Doce cuentos para trece meses por Mar Cueto Aller



JUAN Y LAS HABICHUELAS 


A Juan nunca le había gustado el trabajo de la granja. Tan solo le gustaba corretear y jugar con los cachorrillos. Cuando su padre se despeñó por un terraplén en una tarde tormentosa fue su madre quien se hizo cargo de todas las tareas. La recomendaban que enseñase al niño a compartirlas, pues eran demasiadas para una sola persona. Pero ella alegaba que estaba tan afectado por lo sucedido que no era aún el mejor momento para iniciarle.
-¡Pobrecillo! Con lo apenado que está y lo poco que le gustan estos trabajos…
-¡Mujer! Tú pareces más apenada y eso no te quita de hacer todo el trabajo. Ya es hora de que te ayude. Si sigues así enfermarás.
-¡Dios no lo quiera! Y disculpa que no puedo pararme, he de llevar la vaca a beber al río y recoger las gallinas antes de que anochezca.

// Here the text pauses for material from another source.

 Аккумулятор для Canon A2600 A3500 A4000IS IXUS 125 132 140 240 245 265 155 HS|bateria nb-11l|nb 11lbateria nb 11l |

-Pues eso bien podía hacerlo el crío. ¡Que ya es un muchachote!
Todos los vecinos y conocidos les animaban a que se ayudasen mutuamente madre e hijo. Pero nadie les echaba una mano. En realidad ya tenían bastante con el trabajo de sus propias haciendas. Y el poco tiempo que les sobraba preferían descansar o pasear por las granjas ajenas.
Como era de esperar, la madre de Juan cayó muy enferma. Cada vez le costaba más trabajo mantenerse en pie. No sabía qué era lo que le sucedía pero cada vez se encontraba más débil y no le quedó más remedio que encargar a su hijo que atendiese a los animales.
Juan resultó un desastre como granjero. Si tenía que guardar las gallinas se dejaba el portón abierto y de noche entraba el zorro a hacer una escabechina. Si le encargaba su madre dar de comer a la vaca se le olvidaba. Si era necesario sembrar, él se confundía y se ponía a regar. Nada hacía al derecho, y lo peor de todo es que no se lo decía a su madre hasta que ya era irremediable el error. En pocos meses ya no tenían ni qué comer. Su madre le mandó al mercado a vender la vaca, que era lo único de valor que les quedaba.
-Ten mucho cuidado, que no te engañen. Y con lo que te den procura comprar algo que nos sirva para comer y para trabajar en la granja y seguir produciendo. ¿Lo entiendes, hijo?
-¡Pues claro! Con lo que me den puedo comprar un cerdo y unas patatas, por ejemplo.
-Eso es. A ver si por fin volvemos a levantar cabeza.
Cuando volvió Juan del mercado a su madre se le cayó el alma a los pies. No traía ni cerdo ni sacos de patatas. Tan solo unos pocos kilos de habas.
Que no valían ni la milésima parte de lo que valía la vaca. Ella quiso levantarse para reprenderle, pero al intentarlo se caía de la cama al suelo.
-¿Qué es eso? ¿No me dirás que has cambiado la vaca por esa porquería de semillas?
-¡No son una porquería, son mágicas! Con ellas te vas a poner bien y además la granja va a mejorar. ¡Ya lo verás!
Su madre no quería ni comerlas, pero su hijo insistió y poco a poco empezó a mejorar. Además, mientras plantaba la mitad de las habas que había traído del mercado encontró una mina de oro cerca del gallinero. En poco tiempo pudo comprar gallinas, otra vaca y todo lo que necesitaban para la granja. Y lo que es mejor, sucedió algo mágico, a partir de aquel momento a Juan le empezó a gustar el trabajo. Sentía satisfacción al observar cómo crecía la cosecha, al ver crecer sanos y felices a los animalillos y al comprarle a su madre todo lo que necesitaba para su salud y bienestar con el oro de su mina.